Public television generates and creates great content. So if you spent $2 million less on average at every site and theoretically if every member station were to encapsulate that, 188 – I mean, you’re talking over a quarter billion dollars of money in the public television system over a number of years that could be used for other purposes.

PBS went through a selection process and lined up a number of vendors. Broadview from a programming traffic solution, Omnibus from an automation system, Omneon from a video server perspective, Miranda to provide the branding with their image store devices, routing and monitoring and distribution services.

Now what’s really interesting about the vendors that they picked is that they specifically picked those that I would phrase are in the "new world" of technology.

GOB: What do you mean by that?

MA: It’s all IP-based technology that’s been deployed. They didn’t go with a traditional router. They went with a computer-based and IP-based routing technology. They went with monitoring equipment that can render back thumbnails so I can punch up Hawaii today and I can see what’s playing out in their system and monitor in real time their environment from a remote world because of the technologies in there.

Their video server is really new-world scalable – it’s all about storage as well as devices that can render digital streams or can render traditional analog output type of thing. And Broadview’s in that sphere. Omnibus is in that sphere. So what you see is a very IP-centric solution that was delivered.
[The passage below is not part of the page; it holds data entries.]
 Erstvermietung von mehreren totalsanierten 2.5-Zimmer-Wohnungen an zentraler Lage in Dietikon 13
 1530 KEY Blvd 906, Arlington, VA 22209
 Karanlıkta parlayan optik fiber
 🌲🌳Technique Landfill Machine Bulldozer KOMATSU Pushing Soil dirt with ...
… (T)he two big things that I would stress is that what we see – and the Ace project’s really helped open our eyes to this – is industry-wide, we’re seeing the merging of IT technology and broadcast technology at a fast and furious pace. An Ace system today is three racks – which used to be four rows of technology 10 years ago, and it does so much more.

I also think it’s very interesting that probably a third of my customers today have integrated their IT departments so that the IT engineering groups and the broadcast engineering groups are now one cohesive unit. They’ve recognized how broadcast technology is being invaded by IT.
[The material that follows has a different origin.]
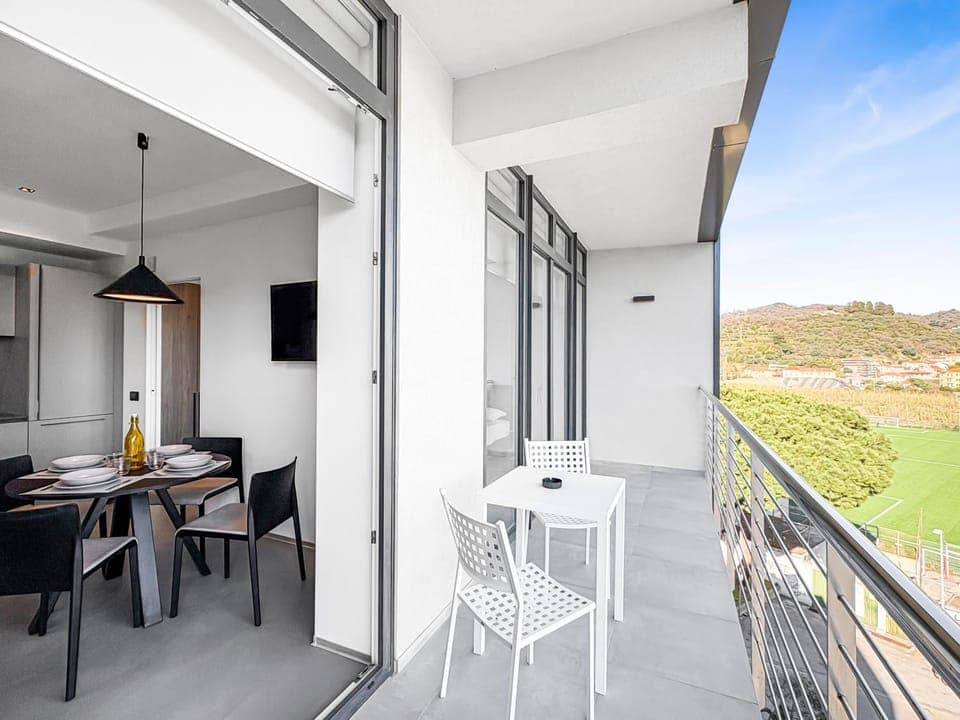 Day, Natural landscape, TV and multimedia, View (from property/room), Balcony/Terrace, Living room, Seating area, Dining area, heating, air conditioner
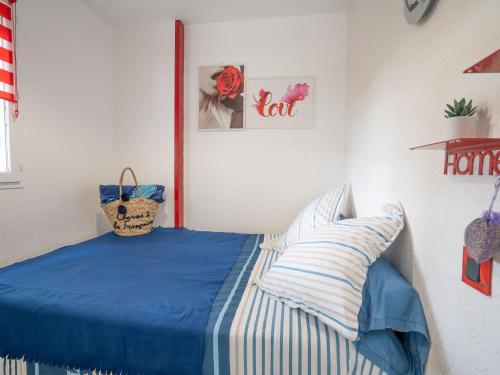 ラ・グランド・モットにあるApartment Les Cyprianes-7 by Interhomeのベッドルーム1室(青い毛布と枕付きのベッド1台付)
If you don’t have a high performance Cisco or Extreme Networks router in the core of your network with redundancy built into it where you’re protecting that with anti-virus policies and other types of options around it, then your broadcast domain is at significant risk. And that’s not technology, not knowledge, that broadcast engineers have traditionally had or developed.

GOB: But they’re getting there.

MA: Yes. Another really interesting product came from the PBS technology conference before NAB. A vendor, Omnibus, showed technology which was basically a two or four (rack unit) box which was almost an entire broadcast system.
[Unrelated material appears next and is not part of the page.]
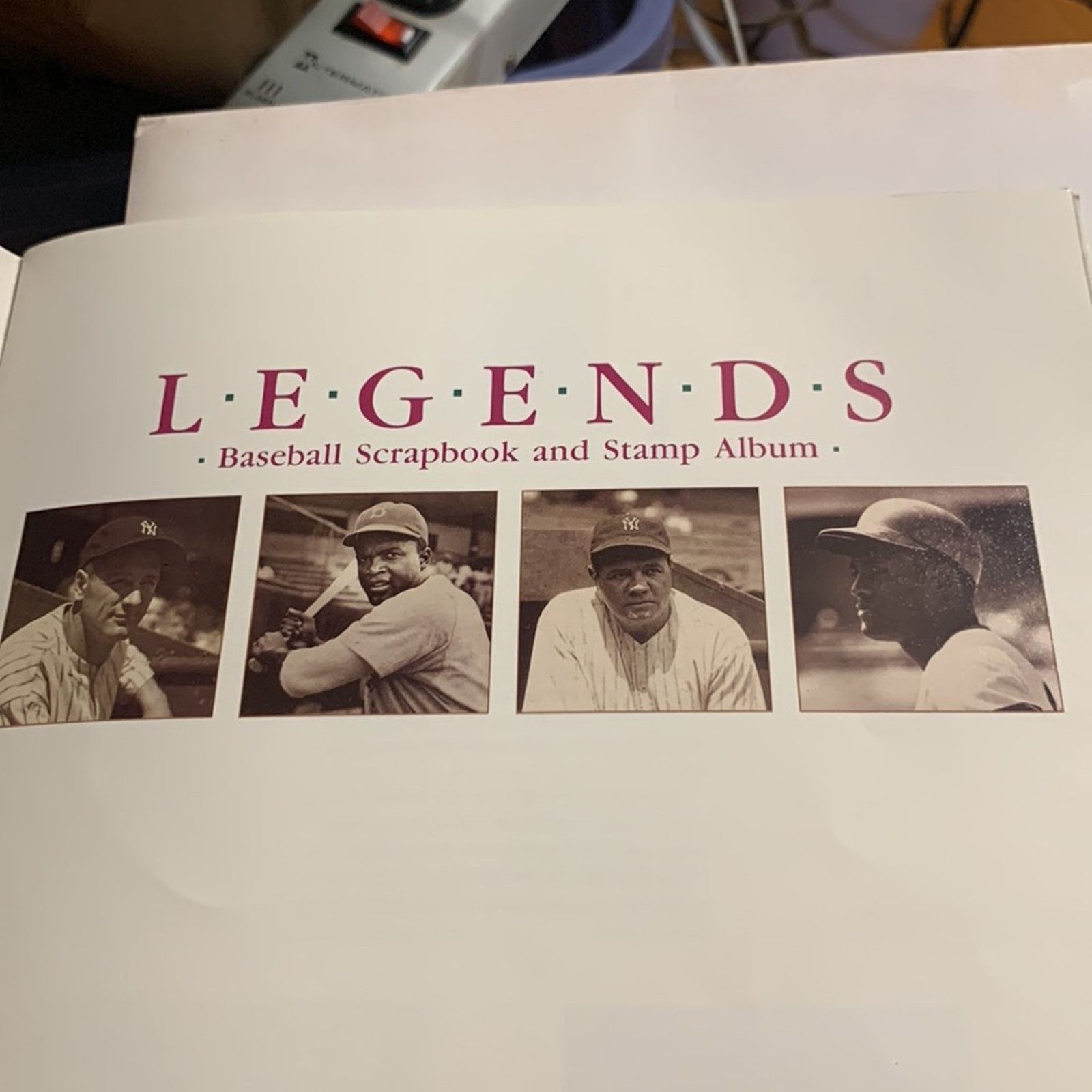 Vintage LEGENDS baseball scrapbook and stamp album Size ONE SIZE - 2 Thumbnail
It was a video server. It was branding devices. It was automation. It was monitoring equipment. It’s all those things and was far more compact than previous technology, pushed further and further together to being inside of one box.

GOB: Which means?

I can easily imagine a world – with the rate at which storage is growing where we’ll have terabyte hard drives within a few more months – where five years from now a five or 10 terabyte hard drive will be chump change; $500 for a device of that nature. So you can see in a world that technologically most of the things that we’re used to in a standalone broadcast domain will be available for very, very few dollars and very integrated box because it leverages the scale of IT.

If the technology is mostly a computer where 100 million are made every year instead of 4,000 tape decks, then the economies of scale from the rest of the world becomes more effective in broadcasting and become more full-featured. Then anybody can take care of onscreen CG. You can do squeezes, you can do pushbacks and overlays and all sorts of seamless things in there.

Seeing that convergence of technology, it’s amazing at how quickly it’s happening and how the changing price points is allowing other people to get into the business. In Canada’s case, our category two digital specialties are examples in that space. It’s just amazing.

GOB: It changes the rules for traditional broadcasters.

MA: Dramatically. As an engineer if you’re not keeping up on IT, you’re going to be a dinosaur if you’re not already in that world.